I’ve been looking for a way to automate a way to detect hung tasks in Deadline 6. What I’d like is to be able to detect any lack of progress over a certain period of time. If a task is hung then it will be automatically resubmitted and the slave blacklisted. I haven’t seen any sort of feature like this in Deadline so I’m curious if it’s something that can be scripted.

Other than using task timeouts, there isn’t a way to automatically determine if a render has hung in Deadline. Relying on standard output isn’t always very reliable (some renderers output little or nothing in terms of stdout), so I’m not sure if we would want that to be a “always on” feature, but maybe we could add a job option to enable this.

I think the only way to do this now would be to modify the Deadline plugin(s). You could add a stdout handler that matches every line of stdout (using the regex “*”) and the function it calls could update an internal timestamp. Then you could have a thread in there that periodically checks the last timestamp, and if there’s been no output for a set period of time, call FailRender(). This is just theoretical, so I’m not sure how well it would work.

Hm, I was hoping there was a way to tap into what was feeding the progress bar in the Monitor. It seems like more work for not so much return though. Thanks for the info!

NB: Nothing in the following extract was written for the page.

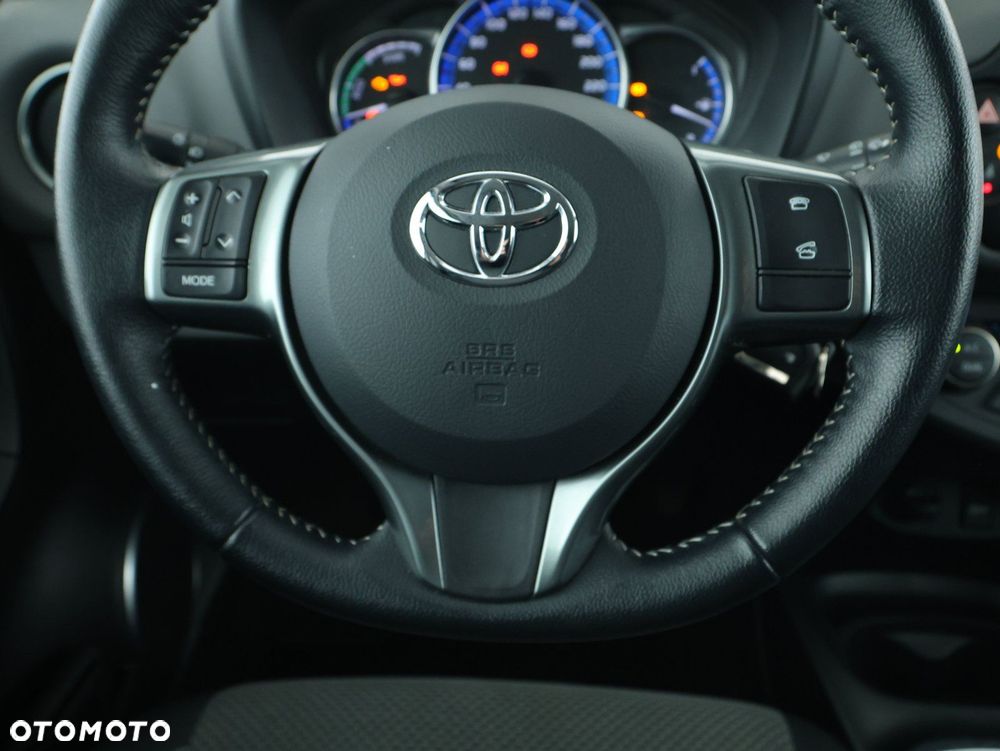 Toyota Yaris - 10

So… it turns out we have a feature to do EXACTLY this already built into our plugin system. I just happened to stumble across this today while investigating a completely unrelated issue. The DeadlinePlugin/ManagedProcess class has a function called SetUpdateTimeout, which takes an integer representing the number of seconds the plugin will wait between lines of stdout before throwing an error. This is the description of the function:

You should be able to set this in the InitializeProcess function for your DeadlinePlugin class (for a simple plugin) or your ManagedProcess class (for an advanced plugin). As a simple example, here’s how it can be done in the Blender.py plugin file in \your\repository\plugins\Blender:

    def InitializeProcess(self):
        self.SingleFramesOnly=False
        self.StdoutHandling=True
        self.SetUpdateTimeout( 300 ) # wait 5 minutes before timeout if there is no progress
        
        #Std out handlers
        self.AddStdoutHandlerCallback(".*Fra:([0-9]+).*").HandleCallback += self.HandleStdoutRender
        self.AddStdoutHandlerCallback(".*Saved:.*").HandleCallback += self.HandleStdoutSaved
        #self.AddStdoutHandlerCallback(".*Error.*").HandleCallback += self.HandleStdoutError
        self.AddStdoutHandlerCallback("Unable to open.*").HandleCallback += self.HandleStdoutFailed
        self.AddStdoutHandlerCallback("Failed to read blend file.*").HandleCallback += self.HandleStdoutFailed
        self.AddStdoutHandlerCallback(".*Unable to create directory.*").HandleCallback += self.HandleStdoutFailed

Cheers,

  • Ryan

Oh awesome! I’ll have to dig into this Monday morning. I’m sure I’ll have a few questions though.

Thanks!